- **BRIEF**: Only the lines of the data below from the one with "apgo Protective Skin" through the one with "Horse Weather Vane" are wanted. Repeat them exactly.

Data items
+ + + + + + +

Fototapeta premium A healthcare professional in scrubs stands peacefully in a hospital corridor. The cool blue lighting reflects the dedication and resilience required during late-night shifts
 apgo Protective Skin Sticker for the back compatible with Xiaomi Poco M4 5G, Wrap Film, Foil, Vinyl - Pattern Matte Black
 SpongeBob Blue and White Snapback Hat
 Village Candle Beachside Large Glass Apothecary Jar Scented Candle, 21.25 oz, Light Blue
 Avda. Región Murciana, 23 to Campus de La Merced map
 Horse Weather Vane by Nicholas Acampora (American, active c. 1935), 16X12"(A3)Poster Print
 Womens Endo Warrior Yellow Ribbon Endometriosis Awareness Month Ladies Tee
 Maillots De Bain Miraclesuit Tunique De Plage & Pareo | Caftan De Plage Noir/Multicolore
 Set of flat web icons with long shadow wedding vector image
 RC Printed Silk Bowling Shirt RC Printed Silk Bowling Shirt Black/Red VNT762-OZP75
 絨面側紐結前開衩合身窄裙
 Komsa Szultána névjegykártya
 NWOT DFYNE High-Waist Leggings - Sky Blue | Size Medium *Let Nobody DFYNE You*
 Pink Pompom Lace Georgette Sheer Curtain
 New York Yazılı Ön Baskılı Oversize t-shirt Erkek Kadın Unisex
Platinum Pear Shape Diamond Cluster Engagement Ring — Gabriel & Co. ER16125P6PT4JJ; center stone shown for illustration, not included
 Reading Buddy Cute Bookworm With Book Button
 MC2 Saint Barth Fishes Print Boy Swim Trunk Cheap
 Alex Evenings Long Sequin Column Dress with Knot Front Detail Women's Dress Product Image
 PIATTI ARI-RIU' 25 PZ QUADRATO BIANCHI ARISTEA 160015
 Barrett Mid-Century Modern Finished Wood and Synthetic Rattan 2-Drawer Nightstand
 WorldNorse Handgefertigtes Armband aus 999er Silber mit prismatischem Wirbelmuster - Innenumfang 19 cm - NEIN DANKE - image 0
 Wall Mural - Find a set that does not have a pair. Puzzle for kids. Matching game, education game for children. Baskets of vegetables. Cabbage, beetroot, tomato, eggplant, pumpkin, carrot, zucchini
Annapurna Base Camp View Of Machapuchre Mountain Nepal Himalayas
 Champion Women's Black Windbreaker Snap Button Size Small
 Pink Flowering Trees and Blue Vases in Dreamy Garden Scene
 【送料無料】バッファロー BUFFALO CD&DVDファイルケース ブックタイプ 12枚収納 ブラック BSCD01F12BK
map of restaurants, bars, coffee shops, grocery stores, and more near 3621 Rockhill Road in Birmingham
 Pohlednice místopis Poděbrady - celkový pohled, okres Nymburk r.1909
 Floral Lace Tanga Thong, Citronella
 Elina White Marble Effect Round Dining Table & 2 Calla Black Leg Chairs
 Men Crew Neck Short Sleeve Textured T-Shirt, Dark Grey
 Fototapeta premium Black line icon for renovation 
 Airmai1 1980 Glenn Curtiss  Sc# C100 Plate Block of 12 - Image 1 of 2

+ + + + + + +

- **OUTPUT OF THE EXERCISE**:
 apgo Protective Skin Sticker for the back compatible with Xiaomi Poco M4 5G, Wrap Film, Foil, Vinyl - Pattern Matte Black
 SpongeBob Blue and White Snapback Hat
 Village Candle Beachside Large Glass Apothecary Jar Scented Candle, 21.25 oz, Light Blue
 Avda. Región Murciana, 23 to Campus de La Merced map
 Horse Weather Vane by Nicholas Acampora (American, active c. 1935), 16X12"(A3)Poster Print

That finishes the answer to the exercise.